Tubuh Permaisuri Yin seperti kabut yang lapang. Dia mengejar Happy dengan erat saat dia menggunakan Langkah Halus Seperti Gelombang saat dia bergerak seperti ombak yang selalu berubah. Suaranya dingin ketika dia berbicara.
“Itu bukan terserah Anda untuk memutuskan!”
Hanya dalam rentang napas, beberapa bagian dari dua patung dihancurkan oleh angin yang dihasilkan oleh telapak tangan Permaisuri Yin. Bagian yang rusak berguling ke tanah.
“Itu mungkin belum tentu benar!” Happy tertawa panjang dan keras sebelum dia tiba-tiba berbalik untuk memberikan satu tebasan.
Suara mendesing!
Pedang Berat Baja Recondite hitam memotong udara dan tepat pada waktunya untuk melawan sosok Permaisuri Yin yang tak terduga.
Bang!
Seniman bela diri di puncak Alam Mitos tidak akan pernah mundur dalam menghadapi serangan pemain. Kebanggaan mereka tidak akan memungkinkan mereka untuk mundur atau menghindari serangan, terutama gerakan pertama.

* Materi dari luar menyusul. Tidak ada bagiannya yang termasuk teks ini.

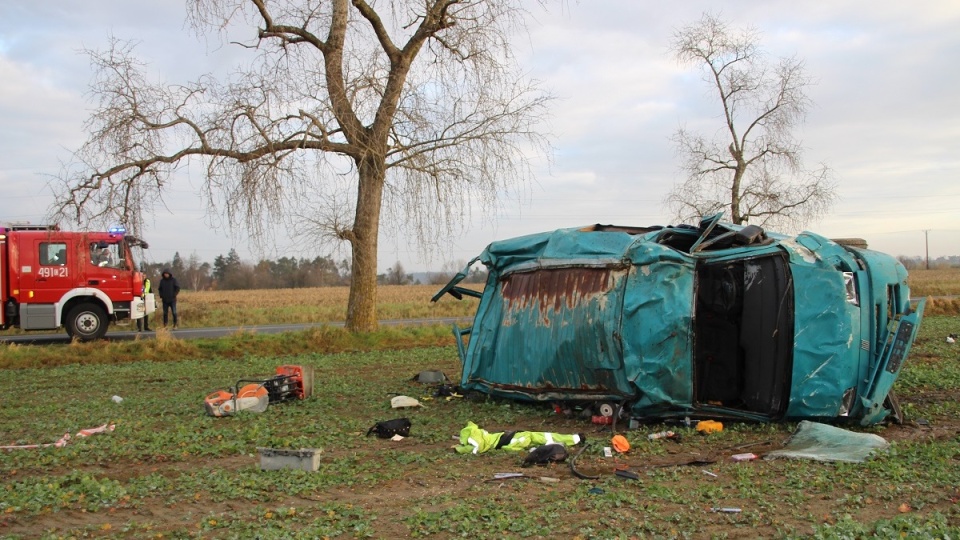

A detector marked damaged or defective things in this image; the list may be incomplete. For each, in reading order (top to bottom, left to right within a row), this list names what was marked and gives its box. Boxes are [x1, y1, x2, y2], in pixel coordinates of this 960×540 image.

overturned teal van [434, 215, 924, 426]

Angin yang dihasilkan oleh telapak tangan Permaisuri Yin tiba-tiba mulai melolong seperti hantu dan serigala. Kemudian, seperti wajah hantu hitam besar, itu menabrak dengan keras ke Pedang Berat Baja Recondite milik Happy.
Ledakan!
Ledakan keras muncul, dan embusan angin kencang membentuk dampak berbentuk lingkaran yang menyapu dari tempat di mana keduanya bertukar pukulan.
Kotoran beterbangan, dan patung-patung Buddha bergetar.
Keduanya dikirim terbang oleh kekuatan yang kuat.
Saat Happy berada di Mantu Villa, Happy sudah cukup lama menahan serangan Empress Yin, dan saat ini dia sudah menguasai Tendon Changing Classic. Tidak hanya pertahanannya meningkat pesat, ia juga memiliki pengurangan kerusakan 10%. Oleh karena itu, tentu saja, dia lebih mudah bertarung melawannya.
Gedebuk!
Happy menggunakan bahu patung Buddha untuk membantunya melompat, dan dia terbang sejauh puluhan kaki seperti anak panah. Tindakannya santai dan alami.
Permaisuri Yin sangat marah sehingga dia merasa ingin muntah darah.
Dia yakin bahwa serangannya barusan dapat membunuh Happy di Kuil Dafo, dan dia tidak menyangka bahwa kekuatan Happy telah meningkat ke titik yang sebenarnya sedikit menakutkan sekarang.
Kekuatan yang terkandung dalam Pedang Berat Baja Recondite sangat hebat.
Ketika kekuatan yang kuat itu menabrak tubuhnya, bahkan Permaisuri Yin tidak dapat langsung melarutkannya, dan dia tidak dapat menghindari berhenti dalam gerakannya untuk sementara waktu.
Kemudian, dia menyadari bahwa Happy telah meninggalkan jangkauan serangannya. Permaisuri Yin menggertakkan giginya. Dia tidak lagi peduli tentang fakta bahwa Shi Zhixuan ada di sampingnya dan hanya mengejar Happy keluar dari Kuil Dafo dengan tatapan gelap.